Multi-intent-aware recommendation model

Overall architecture of the model

The overall framework of the model is shown in Fig. 1. The model adopts a bipartite graph structure with users and items as nodes and employs a dual-tower model to implement the recommendation function.

Fig. 2
figure 2

Description of the frame structure of GCN and IA-GCN

Embedding module

This module encodes the historical user–item interaction data (Fig. 1a, b). The interaction data \(S_{i}\) of user i can reflect the user’s latent intent. The module (Fig. 1a) uses the K-means algorithm to cluster the user’s latent intent and then maps the user intent to k graph structures, where k is a hyperparameter.

$$\begin{aligned} e_{i} = \textrm{Embding}(S_{i}). \end{aligned}$$
(1)

Here, \(S_{i} \in R^{m}\) represents the item sequence with which the user interacts, and \(e_i \in R^{m \times n}\) represents the user embedding, where m is the length of the user interaction sequence and n is the dimension of the embedding.

$$\begin{aligned} \left[ e^{(1)}_{i},e^{(2)}_{i} \cdots e^{(k)}_{i} \right] = K \textrm{means}(e_{i}), \end{aligned}$$
(2)

where \(e^{(j)}_i\) is the embedding representation of the \(j\textrm{th}\) intent sequence of user i, and \(\left[ e^{(1)}_{i},e^{(2)}_{i} \cdots e^{(k)}_{i} \right] \in R^(m \times n)\) is the embedding representation of the clustered user intent sequences obtained after clustering.

We take the item information (e.g., price, category, etc.) from all recent purchase records of a user as the user’s embedding. After clustering the user embeddings, we reassign them as the user’s intent information.

Graph convolution module

This module (Fig. 1c, d) uses IA-GCN to perform convolutional operations on user intents and items and aggregates the user intent features and item features using the user–item interaction data. The convolution method used is quite unique in that it performs guided convolution and multi-intent convolution. When convolving user intent features using IA-GCN, the module aggregates each user intent tree separately using guidance signals from item trees. After interactive convolution on each user intent is complete, the model obtains K feature representations of user intents. Different intent features represent different user demands. Guided convolution and multi-intent convolution both play significant roles in model representation.

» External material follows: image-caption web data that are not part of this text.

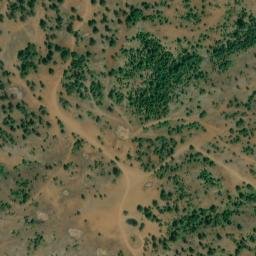 Satellite imagery of Powwatka Ridge, US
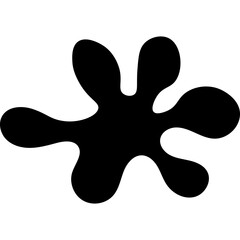 Liquid Splash Mark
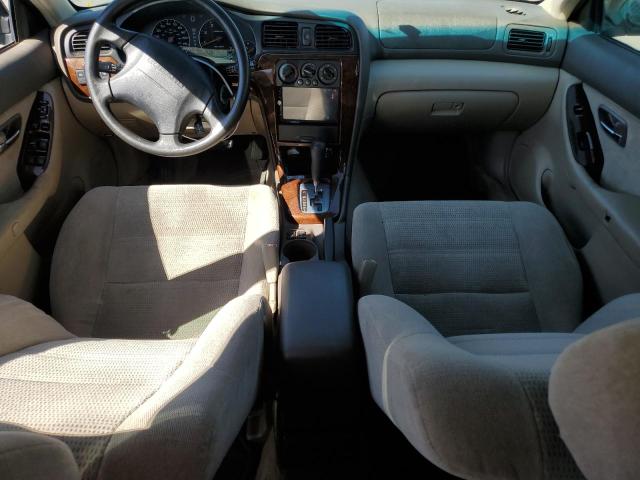 4S3BH675337603039 - 2003 SUBARU LEGACY OUTBACK AWP 青色 照片 8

The unique feature of IA-GCN’s convolution operation is that the node aggregation process does not involve additional trainable parameters, but instead it solely relies on the similarity between the guided matrix g and the neighbors of a node. Therefore, this convolution approach is lightweight and easy to scale, significantly reducing the complexity of the model’s training process. Next, a detailed description of IA-GCN will be provided. When aggregating multi-layer node features, the convolutional module of IA-GCN follows the same approach as traditional GCN, which is based on the high-order connectivity of the user-item bipartite graph. By stacking and iterating convolutional layers on the user-item bipartite graph, the node features are eventually aggregated to obtain \(k^{th}\) layer representations of the nodes.

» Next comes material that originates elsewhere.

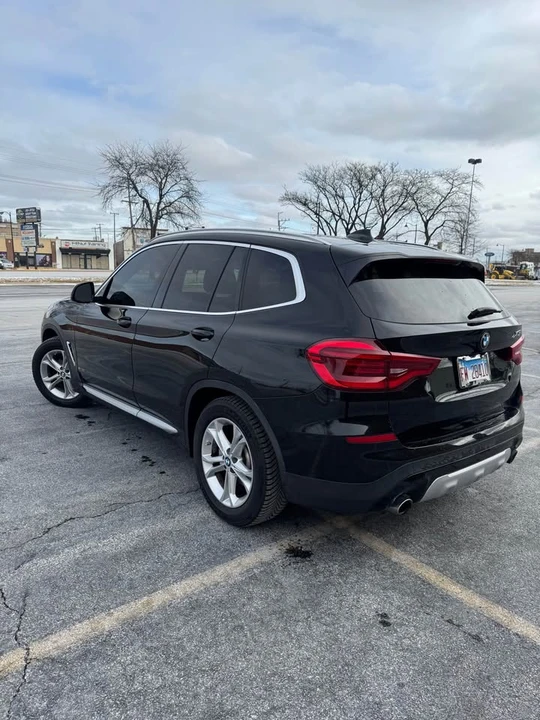 2018 BMW G01 X3 - Image 9 of 12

$$\begin{aligned} {e_i^l = AGG\left( e_p^{l-1}\right) , p\in {\mathbb {C}}_i, l \in {\left( 0,1,\ldots ,l-1\right) }}. \end{aligned}$$
(3)

In the equation above, \(e_i^l\) is the \(l\textrm{th}\) layer representation of node i, AGG is the aggregation function, and \({\mathbb {C}}_i\) is a set of child nodes of node i.

Fig. 3
figure 3

Architecture of the proposed graph convolutional network, in which k denotes the number of user intents. Items and the user’s k intentions guide each other as interactive convolution is performed during the convolution process

As shown in Fig. 2, according to the guiding principles of IA-GCN, there are two possible scenarios during the interactive convolution of node r, which are listed below.

\(\blacksquare \) \(g = i, p\in {\mathbb {C}}_u\). As shown in Fig. 2, the aggregation of neighbors in the user tree is guided by the item-guiding term, which is one of the guiding principles of IA-GCN.

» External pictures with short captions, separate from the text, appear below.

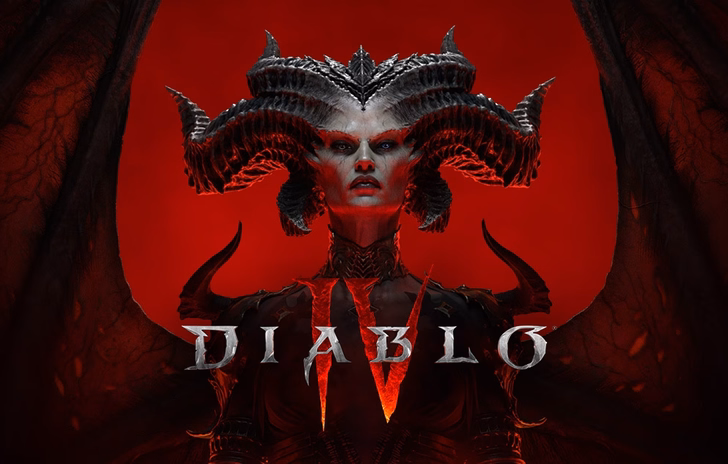 Diablo IV uscirà il 17 ottobre su Steam 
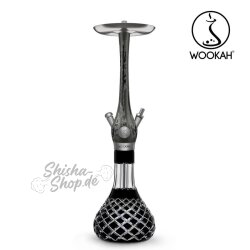 Wookah Shisha Tenebris - Check Black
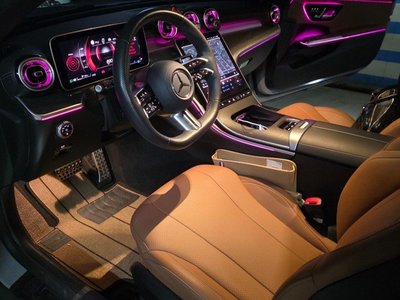 2024 Mercedes-BENZ CLE — миниатюра 11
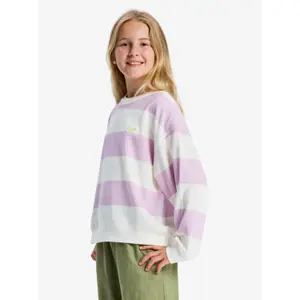 Sweatshirt girl Roxy Little Things image-3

\(\blacksquare \) \(g = u, p\in {\mathbb {C}}_i\). As shown in Fig. 2, the aggregation of neighbors in the item tree is guided by the user-guiding term, which is another guiding principle of IA-GCN.

It is important to note that, in IA-GCN, the weights for aggregating node features from child nodes are derived from the guiding term of the other tree. Specifically, when aggregating nodes, the weight for each child node is calculated based on the similarity between the node and the guiding term, and then weights are assigned accordingly [14].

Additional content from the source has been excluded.